Labors of Love: Proposing Participatory Archival and Para-Archival Practices
Kareal Amenumey, Christian Bryant, Veronica Careton, et al
By Kareal Amenumey, Christian Bryant, Veronica Careton, Amber Edmond, and Shanell Kitt
“Is it possible to exceed or negotiate the constitutive limits of the archive?” —Saidiya Hartman, "Venus in Two Acts," Small Axe 12, no. 2 (June 2008): p. 11
Black presence in the many historic archives is inextricably tied with anti-blackness, violence, and exclusion. Often we appear in these archives as nameless objects stripped of our humanity, culture, and dignity. Engaging with archives as Black people—whether to recover buried histories or to go beyond them and memorialize material and digital future histories— necessitates the disruption of their harmful narratives, practices, and structures. Writer Saidyia Hartman questions the possibility of the archive as we know it, one where recovery is limited by systemic forces of erasure. Despite the limits of traditional archives, Black people have long developed our own multi-modal systems of memory keeping through oral tradition, folk music and spirituals, textile arts, and hair-braiding to name a few.

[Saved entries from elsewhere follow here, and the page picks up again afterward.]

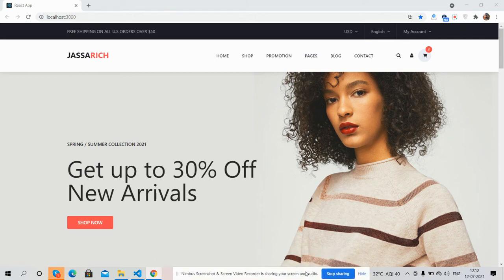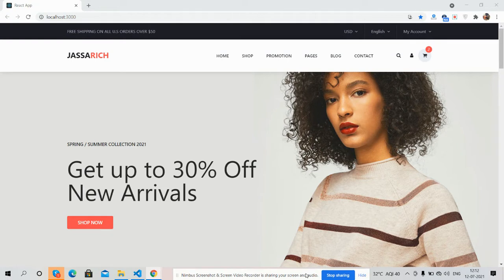Hello guys, welcome back to my channel. I'm Ajay, hope you are doing great. In this video I'm going to show you a beautiful React.js ecommerce template, and it is totally free. Before showing you the working demo and code, please watch the video till the end and subscribe to my channel for later React.js updates.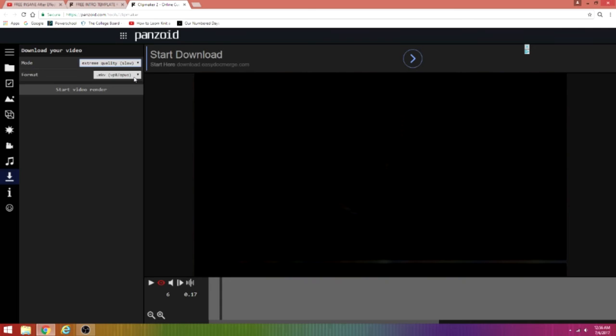All right, so this should take you about an hour to two hours to render. It all depends on your internet speed or your computer.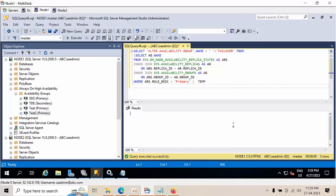Today I'm going to show you how to failover multiple availability groups to another instance. Here I have four availability groups: three are primary and one is secondary.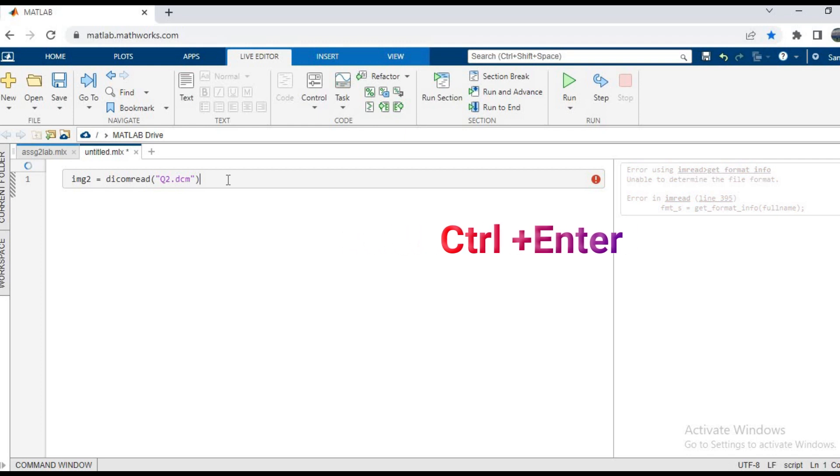So as you can see, the img2 variable has now been created and it is a matrix which is 432 by 432. That is the size of the matrix that you can see. So going forward, now we have to show that this image has been opened or not.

This group recognizes the power and the desire to archive as a way to maintain collective history and memory, especially for marginalized peoples. In thinking with Hartman, this paper begins with an exploration into the limits of traditional archives as white supremacist and colonial projects which perpetuate violence. What follows is an exploration of archiving as care. Similarly to historian Marisa Fuentes, we are interested in “not limiting our archival readings simply to the logic of white colonial officials, but doing the decolonial work to challenge the authority of archival records produced within conditions of white supremacy and black precarity.”1 We further explore discussions of alternative forms of archiving and the maintenance of archives. Additionally, we expand on the definitions of the archive, its forms, and its resonance. Our aim is to imagine not only what is possible within the remains of these brutal colonial structures but also to conceive new structures that are rooted in a radically different ethos.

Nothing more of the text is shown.